Von den fünf Österreichern an Bord sind alle in Sicherheit. Nur vom Salzburger Erwin Schrümpf gab es zunächst kein Lebenszeichen.

Alle Österreicher an Bord in Sicherheit
Erwin Schrümpf Fähre Unglück Passagier
Sein Sohn Manfred Merseburger saß auf Nadeln: "Ich gehe davon aus, dass er unter den Geretteten ist. Leider hat er mich noch nicht angerufen", sagte er am Nachmittag zum KURIER. Der 50-Jährige Vater hatte im Auftrag der Griechenlandhilfe einen Hilfstransport durchgeführt und war auf dem Rückweg nach Österreich, als das Unglück passierte. Gegen 21 Uhr dann die gute Nachricht vom Außenministerium: Auch Schrümpf ist unter den Geretteten, er befand sich auf dem Rettungsschiff "San Giorgio". "Er soll so weit okay sein", sagte Merseburger erleichtert am Abend. Sobald klar ist, wohin der Salzburger nach der Rettung gebracht wurde, will sich sein Sohn zu ihm auf den Weg machen. "Wenn er in einem Spital ist, möchte ich natürlich an seiner Seite sein", sagt er.

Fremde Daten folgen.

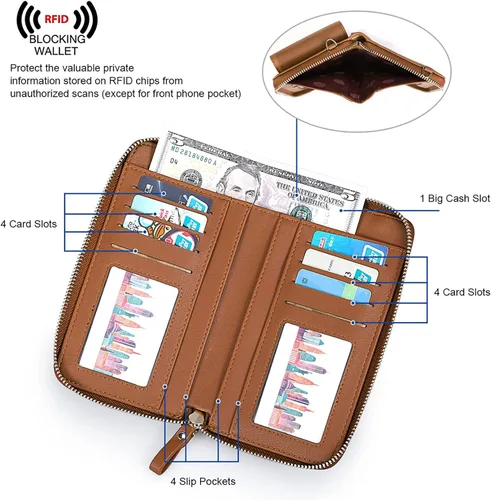Miniatura 6 de S-ZONE Bolso de mano de cuero genuino para las mujeres bolso grande bolso de trabajo RFID bloqueo de cuero de la PU Crossbody teléfono bolso monedero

Zwei Tiroler waren bereits am Sonntag mit Helikoptern von dem Schiff geflogen worden. Der Albtraum war für sie damit aber noch nicht zu Ende. Mehmet Ali Güyen aus dem Zillertal war zwar unter den ersten Geretteten: "Aber er ist immer noch auf dem Rettungsschiff und hat schreckliche Angst. Er möchte endlich weg vom Wasser", erzählte Haci Güyen, der Bruder des Tirolers, nach einem Telefonat am frühen Morgen.

Todesangst

Das war 24 Stunden nachdem er das erste Mal einen panischen Anruf seines Verwandten vom brennenden Schiff erhalten und die Leitstelle Tirol alarmiert hatte. Mehrere Telefonate folgten, in denen stets Todesangst mitschwang und von chaotischen Zuständen an Bord die Rede war. "Beim ersten Gespräch hat er sich verabschiedet und gesagt, dass er sterben wird", sagt Haci Güyen. Der Kontakt riss schließlich über bange Stunden hinweg ab. Am Nachmittag erhielt die Familie des zweifachen Vaters daheim in Schlitters endlich die Nachricht, dass der 44-Jährige in Sicherheit und unverletzt ist. Letzten Informationen zufolge wurde der Zillertaler am Montagnachmittag schließlich erneut mit einem Helikopter auf ein anderes Schiff gebracht, das ihn aufs griechische Festland bringen sollte.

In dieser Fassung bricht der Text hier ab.